Segment Start: Data
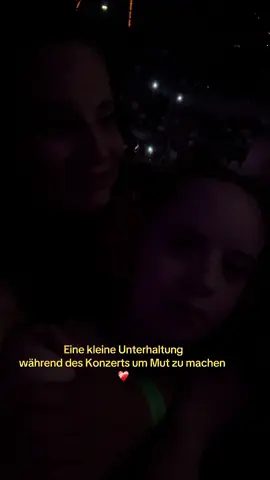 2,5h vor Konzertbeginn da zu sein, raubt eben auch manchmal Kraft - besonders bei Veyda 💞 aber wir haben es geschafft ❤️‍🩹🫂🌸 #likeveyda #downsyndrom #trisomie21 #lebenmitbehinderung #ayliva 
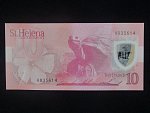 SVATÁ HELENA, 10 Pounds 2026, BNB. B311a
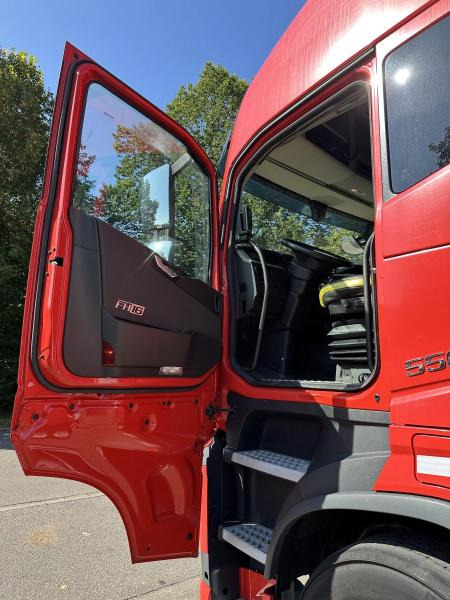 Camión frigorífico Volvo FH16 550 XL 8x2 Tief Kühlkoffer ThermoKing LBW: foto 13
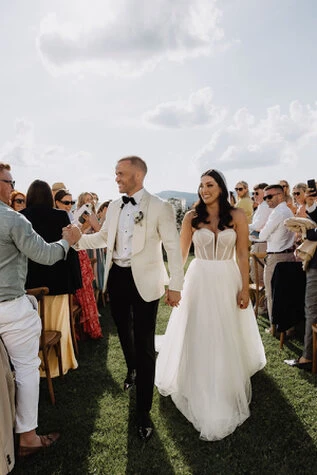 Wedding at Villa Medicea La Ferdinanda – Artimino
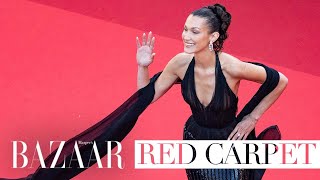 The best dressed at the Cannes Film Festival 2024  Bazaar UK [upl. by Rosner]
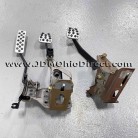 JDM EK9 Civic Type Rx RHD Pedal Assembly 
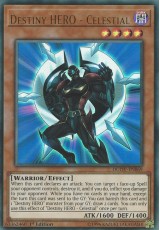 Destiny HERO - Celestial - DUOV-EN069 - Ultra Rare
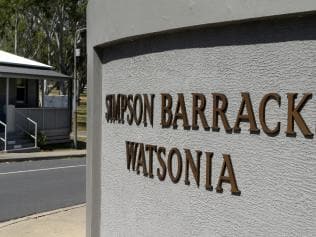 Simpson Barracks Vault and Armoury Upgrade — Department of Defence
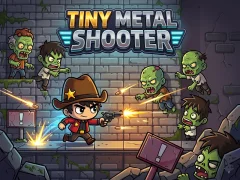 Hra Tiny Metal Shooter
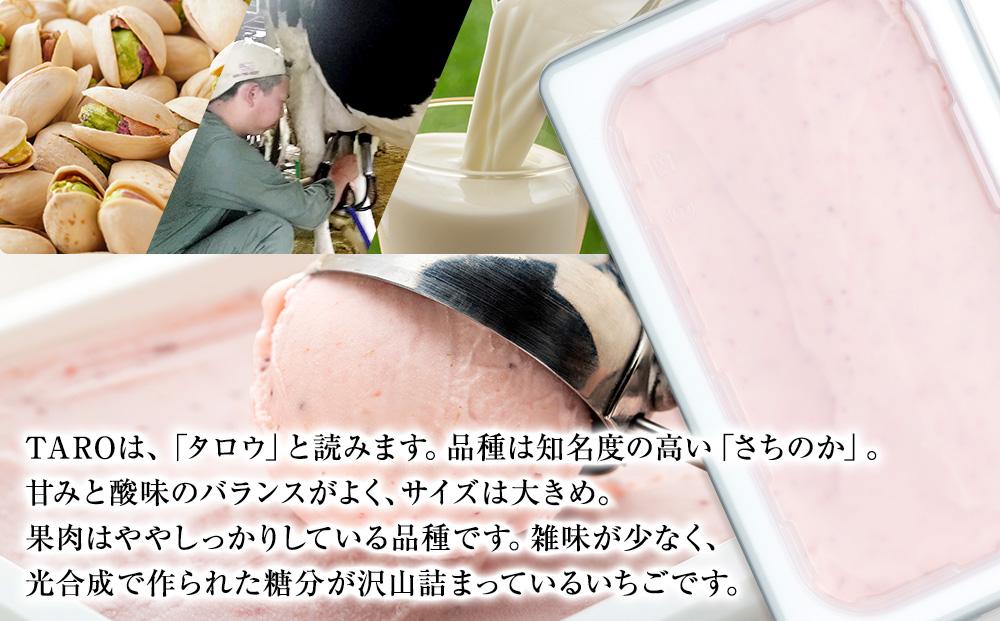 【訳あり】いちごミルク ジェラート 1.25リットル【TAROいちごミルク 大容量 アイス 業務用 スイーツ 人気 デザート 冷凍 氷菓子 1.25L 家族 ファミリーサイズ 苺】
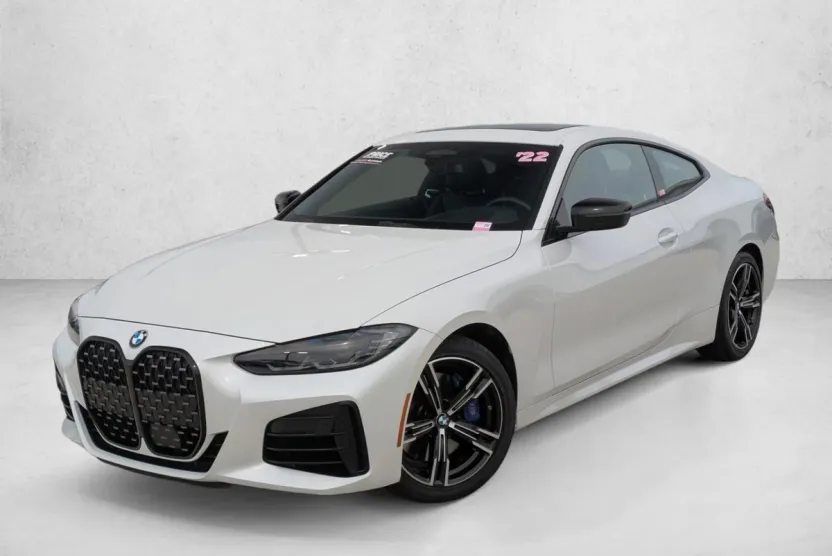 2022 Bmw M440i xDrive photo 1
Segment End: Data
Segment Start: Data
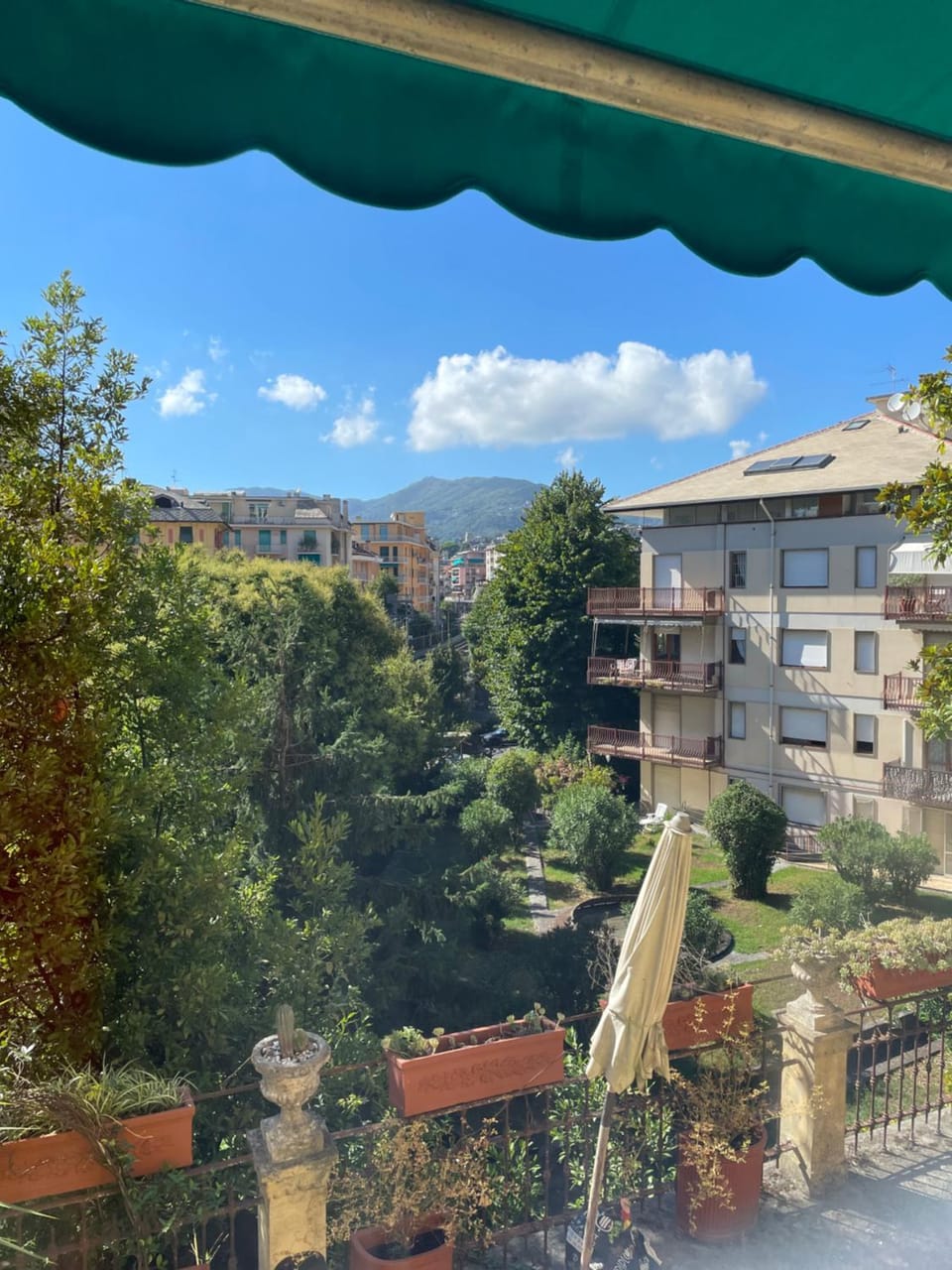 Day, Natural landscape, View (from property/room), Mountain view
Segment End: Data
Segment Start: Data
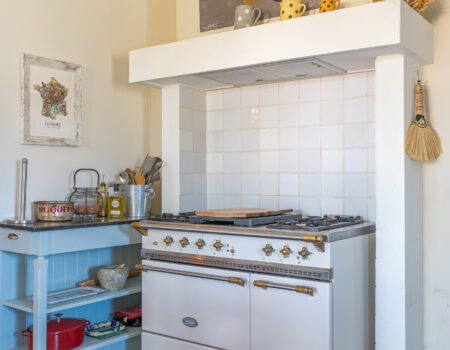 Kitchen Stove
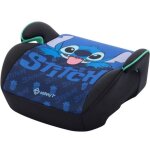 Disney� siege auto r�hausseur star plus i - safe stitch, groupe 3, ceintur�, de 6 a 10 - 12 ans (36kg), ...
Segment End: Data
(Task)
Your reply should hold nothing but the lines above, from the one containing "2,5h vor Konzertbeginn" to the one containing "家族 ファミリーサイズ 苺】", reproduced exactly minus the pictures.

(Output of the task)
 2,5h vor Konzertbeginn da zu sein, raubt eben auch manchmal Kraft - besonders bei Veyda 💞 aber wir haben es geschafft ❤️‍🩹🫂🌸 #likeveyda #downsyndrom #trisomie21 #lebenmitbehinderung #ayliva 
 SVATÁ HELENA, 10 Pounds 2026, BNB. B311a
 Camión frigorífico Volvo FH16 550 XL 8x2 Tief Kühlkoffer ThermoKing LBW: foto 13
 Wedding at Villa Medicea La Ferdinanda – Artimino
 The best dressed at the Cannes Film Festival 2024  Bazaar UK [upl. by Rosner]
 JDM EK9 Civic Type Rx RHD Pedal Assembly 
 Destiny HERO - Celestial - DUOV-EN069 - Ultra Rare
 Simpson Barracks Vault and Armoury Upgrade — Department of Defence
 Hra Tiny Metal Shooter
 【訳あり】いちごミルク ジェラート 1.25リットル【TAROいちごミルク 大容量 アイス 業務用 スイーツ 人気 デザート 冷凍 氷菓子 1.25L 家族 ファミリーサイズ 苺】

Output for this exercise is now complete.